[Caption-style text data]
━━━━━━

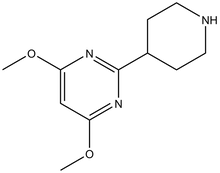 4,6-Dimethoxy-2-(piperidin-4-yl)pyrimidine 500mg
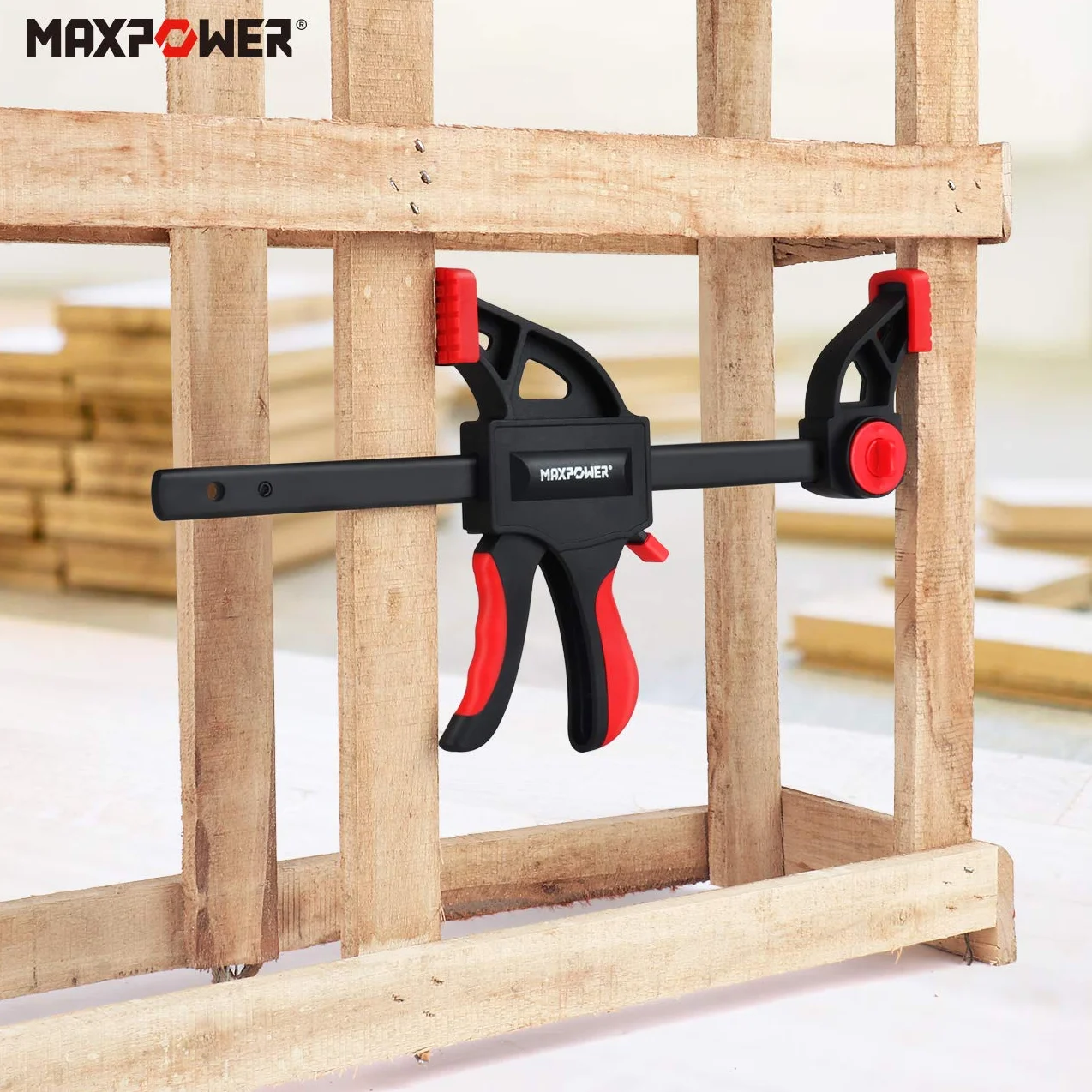 MAXPOWER 4 Pieces Morsetti da Falegname 600mm Forte e Robusto Morsetti per Legno 60cm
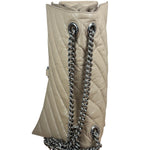 Balenciaga Beige Calfskin Crush Chain Bag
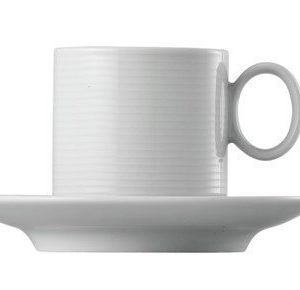 Rosenthal Loft Valkoinen Espressokuppi lautasella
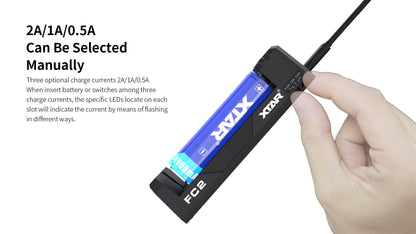 New XTAR FC2 LED USB Battery Charger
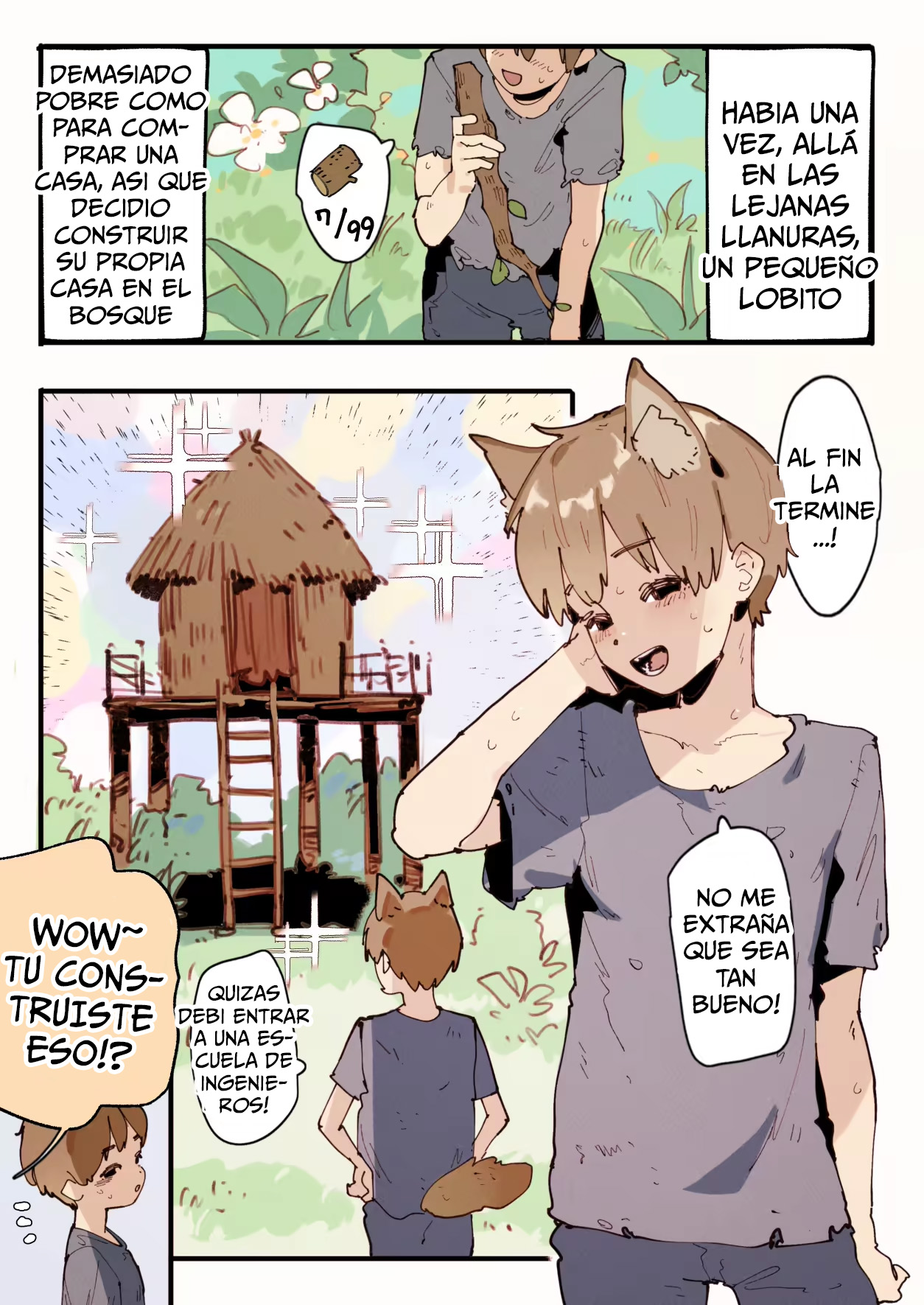 Sanbiki no Yuuwaku Ane Buta...｜Las Tres Cerditas y El Lobito... page 2 full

━━━━━━

* Problem to work on *
Every entry above should be duplicated exactly. Do not include the images.

* Answer space *
 4,6-Dimethoxy-2-(piperidin-4-yl)pyrimidine 500mg
 MAXPOWER 4 Pieces Morsetti da Falegname 600mm Forte e Robusto Morsetti per Legno 60cm
 Balenciaga Beige Calfskin Crush Chain Bag
 Rosenthal Loft Valkoinen Espressokuppi lautasella
 New XTAR FC2 LED USB Battery Charger
 Sanbiki no Yuuwaku Ane Buta...｜Las Tres Cerditas y El Lobito... page 2 full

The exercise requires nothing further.